------ Source records ------

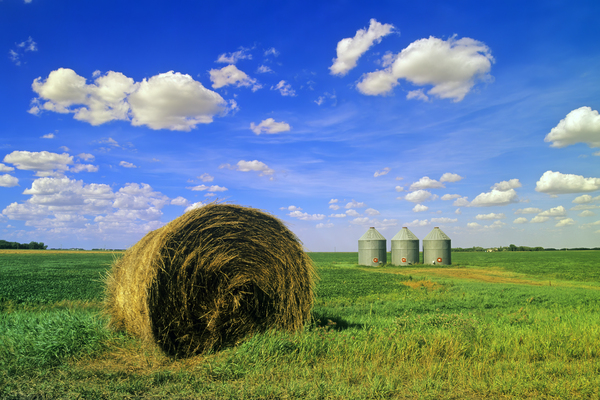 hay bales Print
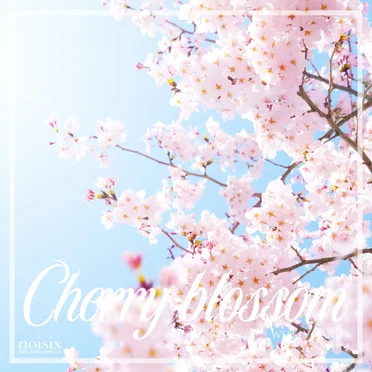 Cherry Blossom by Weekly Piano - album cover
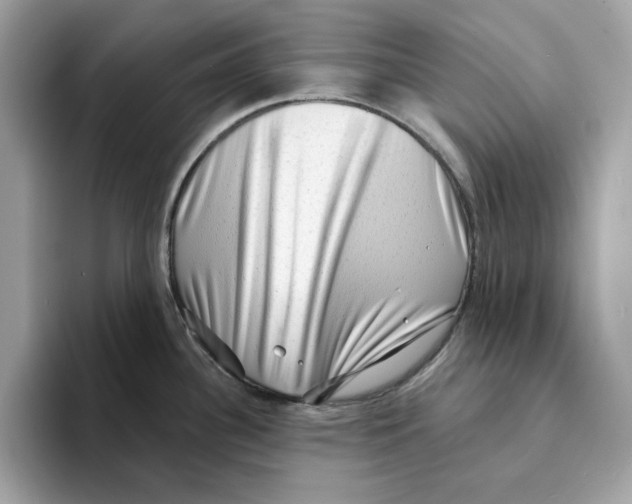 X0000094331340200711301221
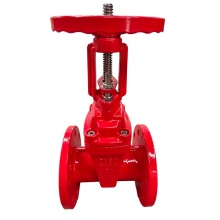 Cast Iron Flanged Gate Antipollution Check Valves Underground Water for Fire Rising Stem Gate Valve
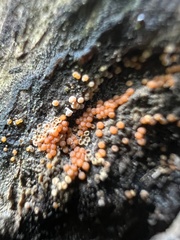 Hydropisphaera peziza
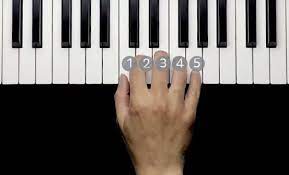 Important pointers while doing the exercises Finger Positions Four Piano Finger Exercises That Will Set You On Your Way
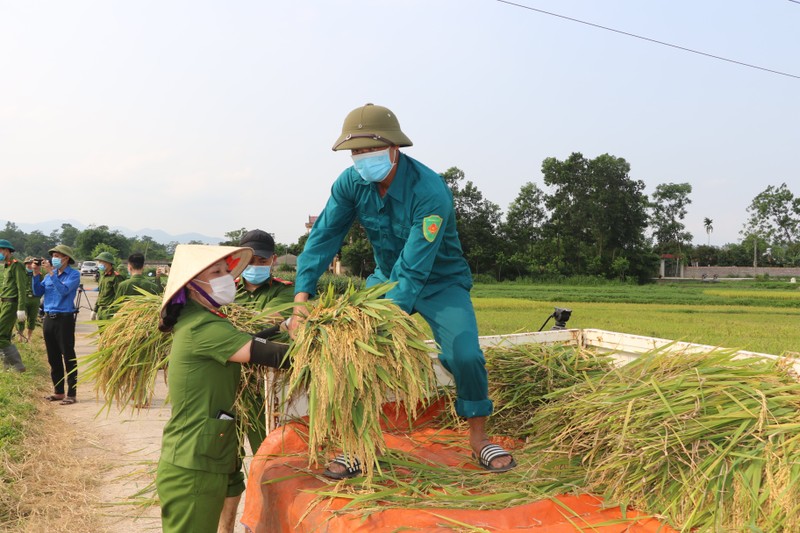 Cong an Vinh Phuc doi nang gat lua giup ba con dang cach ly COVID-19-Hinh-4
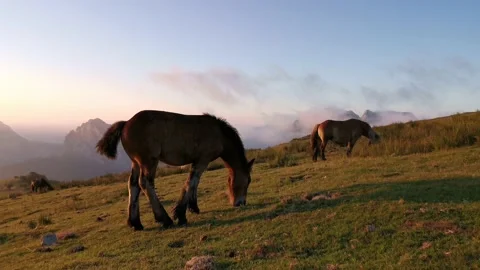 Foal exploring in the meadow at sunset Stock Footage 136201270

------
------ Source records ------

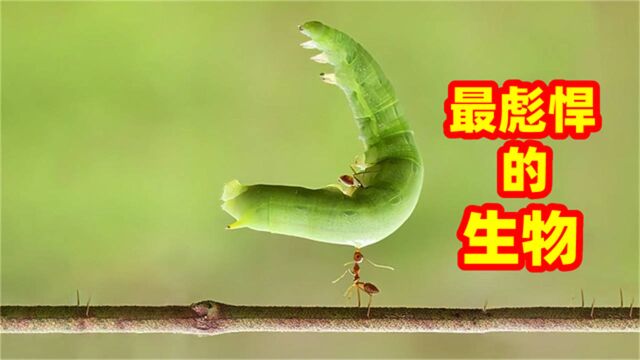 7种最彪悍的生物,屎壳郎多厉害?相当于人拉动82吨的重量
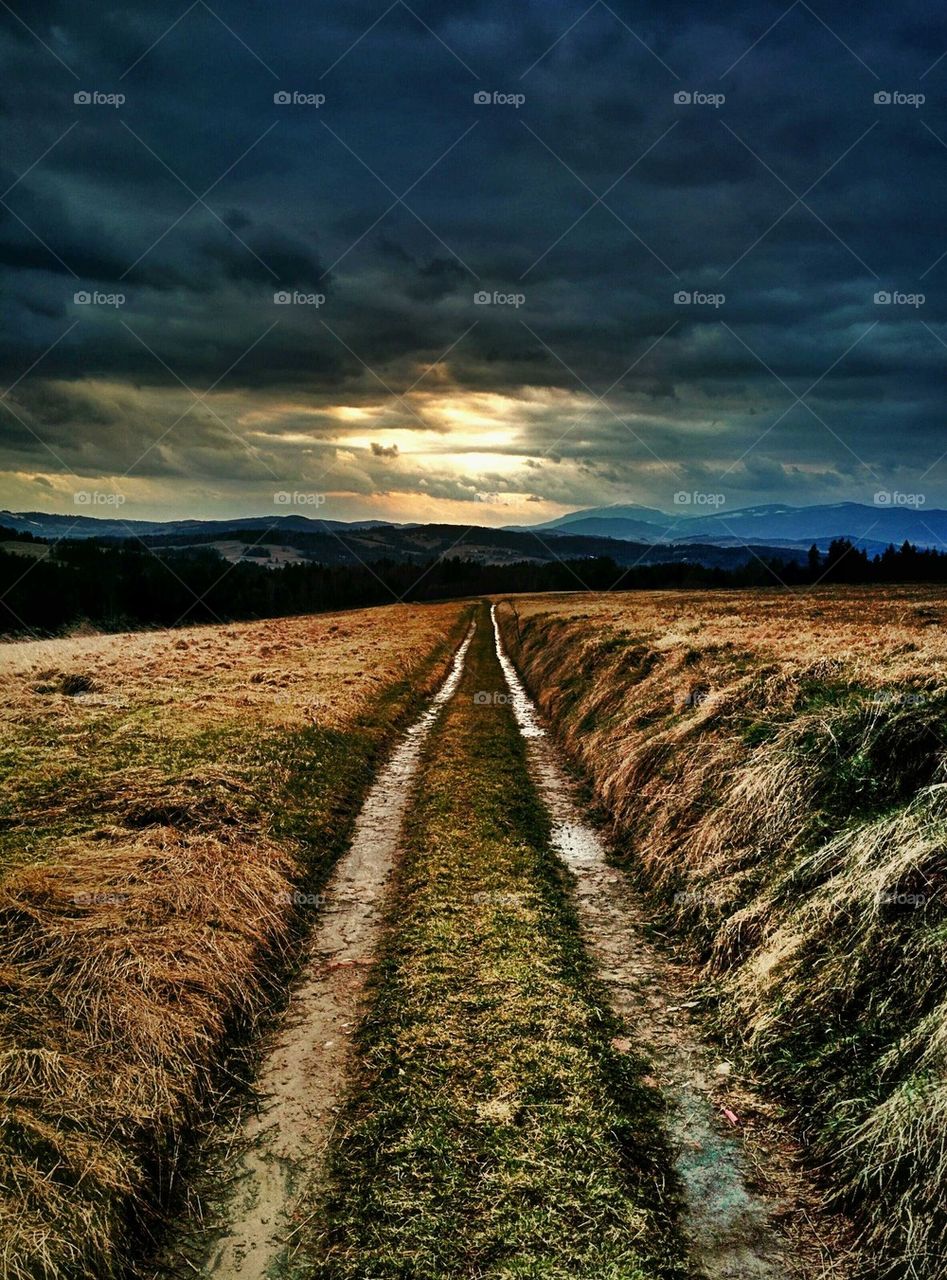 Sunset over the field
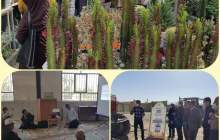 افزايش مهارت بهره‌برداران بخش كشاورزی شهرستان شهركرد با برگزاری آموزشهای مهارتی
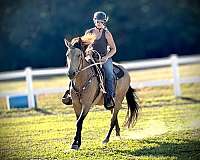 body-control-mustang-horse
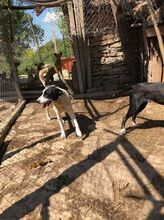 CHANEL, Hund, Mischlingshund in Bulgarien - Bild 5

------

**Exercise instructions**
Copy needed, without pictures: the lines of the listing above from the line containing "Hydropisphaera peziza" up to and including the line containing "Foal exploring in", set down exactly.

**Exercise response**
 Hydropisphaera peziza
 Important pointers while doing the exercises Finger Positions Four Piano Finger Exercises That Will Set You On Your Way
 Cong an Vinh Phuc doi nang gat lua giup ba con dang cach ly COVID-19-Hinh-4
 Foal exploring in the meadow at sunset Stock Footage 136201270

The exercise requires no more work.